Revisit the case from the opening hook: the 62-year-old smoker with Type A dissection.

  1. Which of his risk factors (smoking, hypertension, age) contributed to the cystic medial degeneration and intimal tear? Could atherosclerosis have played a direct role in the dissection itself?
  2. The woman with the ruptured AAA had a 6-month warning but the family declined surgery.
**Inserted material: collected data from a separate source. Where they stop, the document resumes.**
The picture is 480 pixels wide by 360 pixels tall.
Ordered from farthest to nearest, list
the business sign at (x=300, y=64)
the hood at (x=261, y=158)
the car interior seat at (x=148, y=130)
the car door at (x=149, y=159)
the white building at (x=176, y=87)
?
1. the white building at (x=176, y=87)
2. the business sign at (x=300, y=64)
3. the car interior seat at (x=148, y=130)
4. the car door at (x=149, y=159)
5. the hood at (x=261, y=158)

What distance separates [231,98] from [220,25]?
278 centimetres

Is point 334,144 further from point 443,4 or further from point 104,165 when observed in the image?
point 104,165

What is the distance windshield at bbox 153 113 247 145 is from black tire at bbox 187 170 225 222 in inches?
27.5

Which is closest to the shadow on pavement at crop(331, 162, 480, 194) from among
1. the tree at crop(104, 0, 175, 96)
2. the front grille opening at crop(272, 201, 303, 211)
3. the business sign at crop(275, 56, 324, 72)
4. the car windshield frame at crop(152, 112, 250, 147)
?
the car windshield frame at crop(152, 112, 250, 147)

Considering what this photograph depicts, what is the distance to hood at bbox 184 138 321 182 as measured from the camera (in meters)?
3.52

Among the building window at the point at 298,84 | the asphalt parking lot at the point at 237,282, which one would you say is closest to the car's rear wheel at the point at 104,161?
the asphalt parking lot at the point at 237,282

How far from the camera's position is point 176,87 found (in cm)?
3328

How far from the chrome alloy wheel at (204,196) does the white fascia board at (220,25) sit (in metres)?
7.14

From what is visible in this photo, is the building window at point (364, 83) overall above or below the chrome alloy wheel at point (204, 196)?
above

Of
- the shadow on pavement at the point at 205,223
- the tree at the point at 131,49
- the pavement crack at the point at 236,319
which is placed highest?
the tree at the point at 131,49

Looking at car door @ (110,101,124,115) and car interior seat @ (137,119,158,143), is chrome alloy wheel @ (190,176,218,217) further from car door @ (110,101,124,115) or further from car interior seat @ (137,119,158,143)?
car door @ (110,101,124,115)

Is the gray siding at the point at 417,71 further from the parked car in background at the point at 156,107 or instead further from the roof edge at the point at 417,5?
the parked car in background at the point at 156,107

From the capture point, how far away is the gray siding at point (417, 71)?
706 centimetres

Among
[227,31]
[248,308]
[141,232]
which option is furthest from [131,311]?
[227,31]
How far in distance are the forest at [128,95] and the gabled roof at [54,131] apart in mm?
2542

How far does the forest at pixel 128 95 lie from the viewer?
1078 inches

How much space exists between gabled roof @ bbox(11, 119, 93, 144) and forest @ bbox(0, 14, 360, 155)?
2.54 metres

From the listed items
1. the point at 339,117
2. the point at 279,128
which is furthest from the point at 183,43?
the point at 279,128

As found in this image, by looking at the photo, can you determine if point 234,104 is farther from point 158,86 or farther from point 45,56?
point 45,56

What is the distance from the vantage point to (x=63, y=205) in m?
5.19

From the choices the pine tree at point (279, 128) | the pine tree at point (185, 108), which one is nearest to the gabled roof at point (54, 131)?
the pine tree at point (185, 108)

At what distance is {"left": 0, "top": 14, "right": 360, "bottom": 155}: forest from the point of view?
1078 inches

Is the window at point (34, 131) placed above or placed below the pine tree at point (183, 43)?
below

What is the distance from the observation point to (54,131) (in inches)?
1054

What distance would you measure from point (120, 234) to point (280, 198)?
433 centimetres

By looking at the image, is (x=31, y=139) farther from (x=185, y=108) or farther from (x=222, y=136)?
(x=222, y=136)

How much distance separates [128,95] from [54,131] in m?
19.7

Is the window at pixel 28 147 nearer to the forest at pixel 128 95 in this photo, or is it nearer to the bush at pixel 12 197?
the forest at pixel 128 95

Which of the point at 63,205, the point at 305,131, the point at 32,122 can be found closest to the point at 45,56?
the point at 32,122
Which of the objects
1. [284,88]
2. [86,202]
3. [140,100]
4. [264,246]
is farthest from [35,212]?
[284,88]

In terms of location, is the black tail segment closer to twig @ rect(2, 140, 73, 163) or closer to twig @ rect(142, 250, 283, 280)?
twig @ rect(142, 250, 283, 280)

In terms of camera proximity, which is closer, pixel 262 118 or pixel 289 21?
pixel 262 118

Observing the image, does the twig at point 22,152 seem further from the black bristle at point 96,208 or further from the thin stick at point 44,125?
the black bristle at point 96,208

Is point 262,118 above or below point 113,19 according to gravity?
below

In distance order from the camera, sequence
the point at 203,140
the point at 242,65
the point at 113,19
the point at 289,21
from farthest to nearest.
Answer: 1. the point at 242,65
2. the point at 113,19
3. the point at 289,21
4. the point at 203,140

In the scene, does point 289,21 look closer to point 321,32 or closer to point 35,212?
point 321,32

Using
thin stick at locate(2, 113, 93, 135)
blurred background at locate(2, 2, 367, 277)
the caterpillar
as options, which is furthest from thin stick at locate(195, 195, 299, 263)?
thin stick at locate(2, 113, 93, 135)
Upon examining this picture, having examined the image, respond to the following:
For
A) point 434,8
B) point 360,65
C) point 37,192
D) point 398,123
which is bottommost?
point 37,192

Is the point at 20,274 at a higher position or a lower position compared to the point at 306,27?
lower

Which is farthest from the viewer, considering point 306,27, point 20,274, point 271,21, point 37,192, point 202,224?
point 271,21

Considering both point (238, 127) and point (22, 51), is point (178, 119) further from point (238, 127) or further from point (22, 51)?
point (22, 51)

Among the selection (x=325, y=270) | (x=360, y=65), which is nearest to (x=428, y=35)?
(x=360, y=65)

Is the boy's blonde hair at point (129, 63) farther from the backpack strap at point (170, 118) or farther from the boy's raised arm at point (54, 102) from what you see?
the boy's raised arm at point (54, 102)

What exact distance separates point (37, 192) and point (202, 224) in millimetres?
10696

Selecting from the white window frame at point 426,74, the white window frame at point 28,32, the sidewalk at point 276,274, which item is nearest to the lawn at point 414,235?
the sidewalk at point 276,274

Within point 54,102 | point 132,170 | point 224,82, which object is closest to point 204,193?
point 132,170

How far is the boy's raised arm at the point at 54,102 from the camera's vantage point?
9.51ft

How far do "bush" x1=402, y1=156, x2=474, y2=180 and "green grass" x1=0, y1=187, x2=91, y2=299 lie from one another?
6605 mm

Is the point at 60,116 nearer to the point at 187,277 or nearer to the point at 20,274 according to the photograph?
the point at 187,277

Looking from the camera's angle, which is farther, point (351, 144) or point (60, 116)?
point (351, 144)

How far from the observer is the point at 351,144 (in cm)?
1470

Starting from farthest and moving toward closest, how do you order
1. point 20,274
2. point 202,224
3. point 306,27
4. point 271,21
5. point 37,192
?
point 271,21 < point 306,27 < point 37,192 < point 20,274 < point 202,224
Using Laplace's Law, explain why the rupture was almost inevitable if the AAA continued to grow untreated.
  3. If you were counselling a 55-year-old male ex-smoker attending your clinic, what screening test would you recommend, at what diameter threshold would you refer for surgery, and what medical measures would you prescribe to slow aneurysm progression?

Write your answers in your notebook before checking the summary — this active retrieval step is the most effective memory consolidation strategy known.

KEY TAKEAWAYS

Arteriosclerosis is the umbrella term (three types: atherosclerosis, arteriolosclerosis, Mönckeberg). Arteriolosclerosis has two patterns — hyaline (benign HTN/DM) and hyperplastic/onion-skin (malignant HTN).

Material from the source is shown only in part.